*** Opening of Provided entries ***
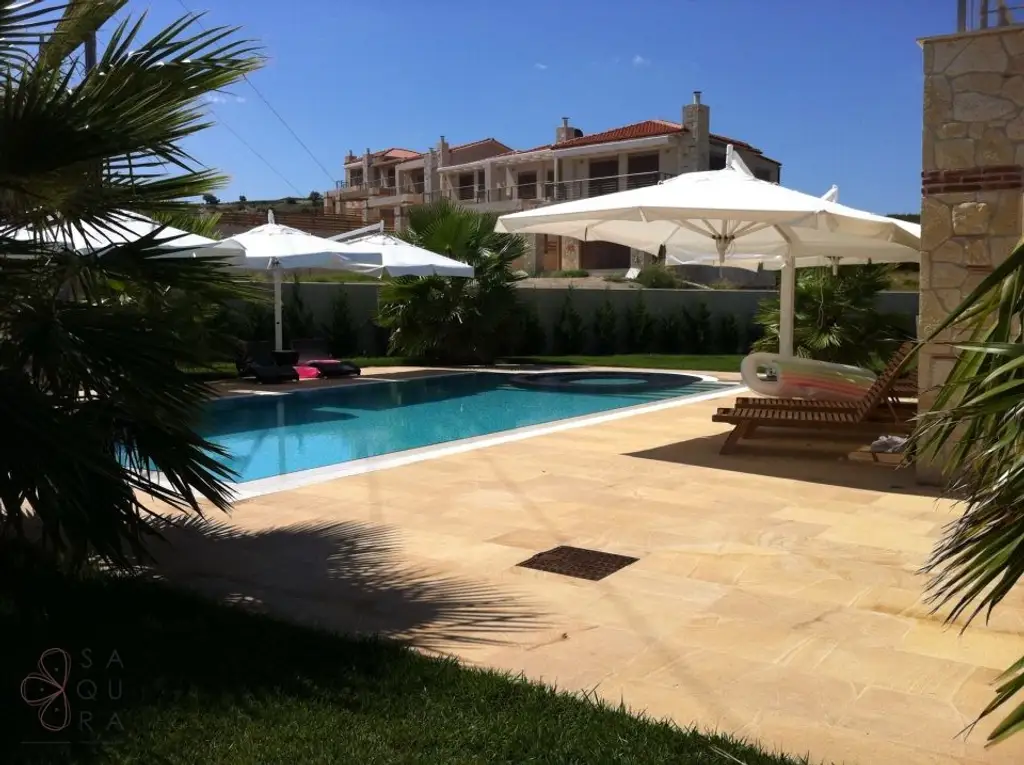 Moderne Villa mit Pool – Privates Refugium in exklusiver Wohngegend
*** Close of Provided entries ***
*** Opening of Provided entries ***
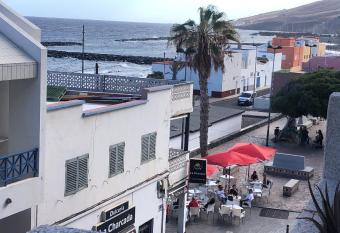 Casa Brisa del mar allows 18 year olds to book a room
*** Close of Provided entries ***
*** Opening of Provided entries ***
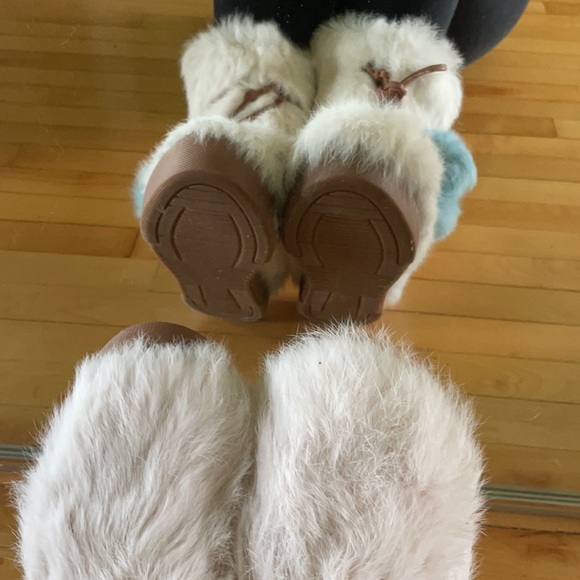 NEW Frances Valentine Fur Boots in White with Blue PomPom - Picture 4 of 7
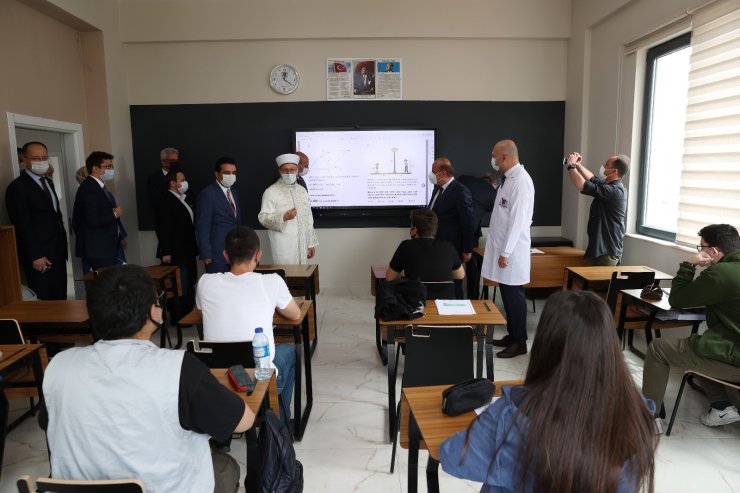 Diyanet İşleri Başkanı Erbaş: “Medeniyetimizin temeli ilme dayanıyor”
*** Close of Provided entries ***
• Task statement: Leave the pictures out. Output, exactly, the lines of the material above starting at the line containing "NEW Frances Valentine" and ending at the line containing "Diyanet İşleri Başkanı".

• Task output:
 NEW Frances Valentine Fur Boots in White with Blue PomPom - Picture 4 of 7
 Diyanet İşleri Başkanı Erbaş: “Medeniyetimizin temeli ilme dayanıyor”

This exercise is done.